Some serial debugging show following:

When doing no command, just --node IP

Python:
DEBUG file:stream_interface.py _sendToRadioImpl line:109 sending header:b'\x94\xc3\x00\x19' b:b'\x12\x17\x15\xff\xff\xff\xff"\t\x08\x03\x12\x05M\xcf\xc7\x08b5$\xe0anP\x03'

Serial:
[D][WiFiClient.cpp:511] connected(): Disconnected: RES: 0, ERR: 128
08:59:11 442 [StreamAPI] Lost phone connection
08:59:11 442 [StreamAPI] Info: ClosedClient dropped connection, suspending API service

It seems the script just cuts the connection brutally.

However, when issuing a command, like --info or --nodes:

DEBUG file:tcp_interface.py close line:50 Closing TCP stream
DEBUG file:stream_interface.py close line:114 Closing stream
DEBUG file:stream_interface.py _sendToRadioImpl line:104 Sending: disconnect: true
DEBUG file:stream_interface.py _sendToRadioImpl line:109 sending header:b'\x94\xc3\x00\x03' b:b'\xc0\x06\x01'

09:00:37 528 [StreamAPI] Info: got disconnect
09:00:37 528 [StreamAPI] Info: ClosedIgnoring downlink message we originally sent.

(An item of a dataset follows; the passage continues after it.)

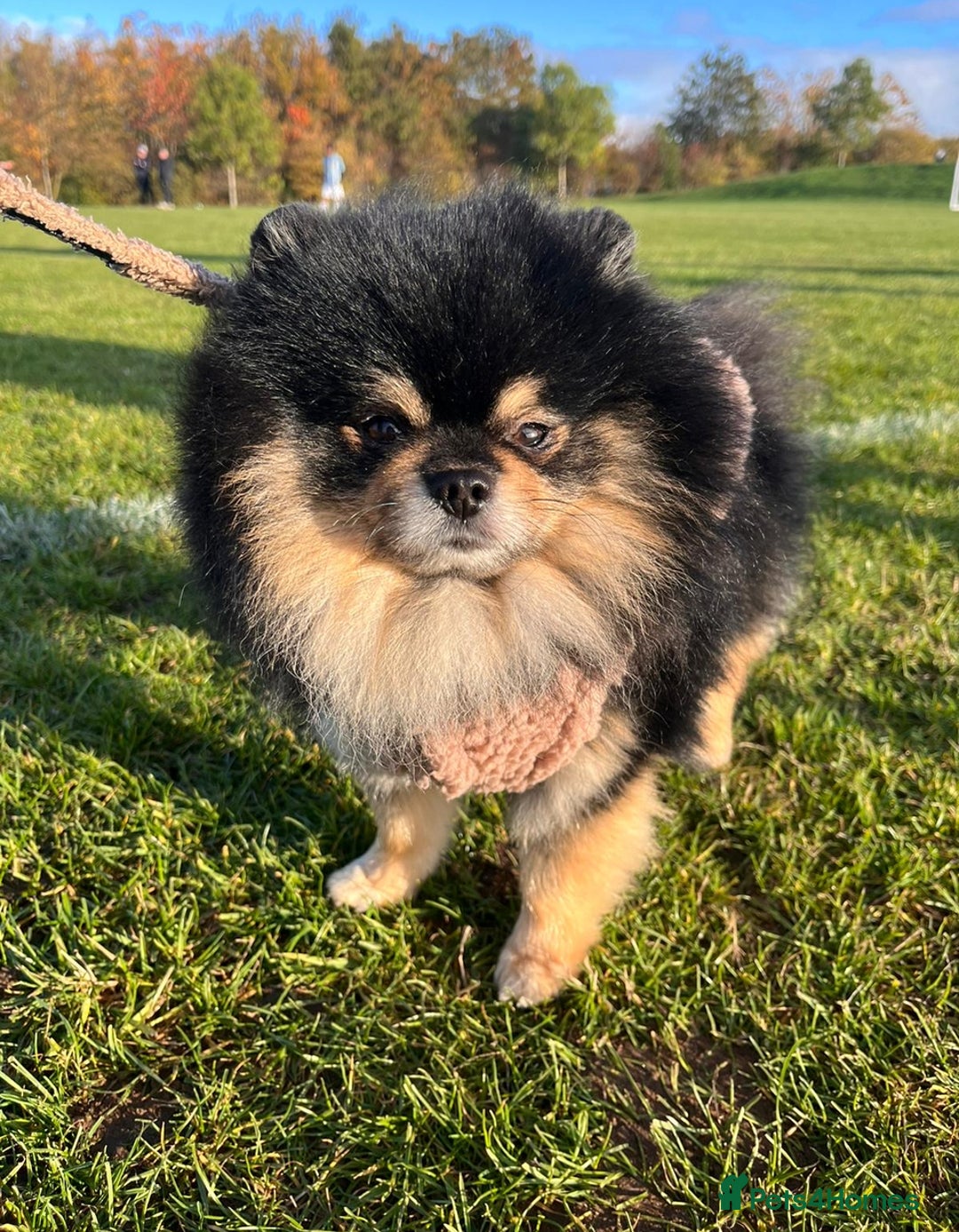 Pomeranian dogs for stud: Gorgeous Teddy bear tri coloured stud - Advert 9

Then it hangs until I do ctrl-c on python and I get:

[D][WiFiClient.cpp:511] connected(): Disconnected: RES: 0, ERR: 128
09:01:48 599 [StreamAPI] Client dropped connection, suspending API service

Here it seems like it wants the device to disconnect? I dont know, but somehow it hangs forever... More interesting is if I kill the connection totally (Pull the plug on the Eltec) the python just hangs on...

This is on Debian Linux.

ernax78 commented 2 years ago

After upgrading to python 3.10.2 and some more testing, I think I have found where it "hangs":

stream_interface.py row 120 (wait for it to exit):

    def close(self):
        """Close a connection to the device"""
        logging.debug("Closing stream 1")
        MeshInterface.close(self)
        # pyserial cancel_read doesn't seem to work, therefore we ask the
        # reader thread to close things for us
        self._wantExit = True
        if self._rxThread != threading.current_thread():
            self._rxThread.join()  # wait for it to exit

My ugly fix to get it to work was simply commenting out the last two rows in the function, but that is not the way.

garthvh commented 2 years ago

Try turning the carousel way down or off 10 seconds is too frequent. Are you also connected in a browser to the WebUI when having the issue?

ernax78 commented 2 years ago

Carousel now disabled, but it did not do any change. No browser connected.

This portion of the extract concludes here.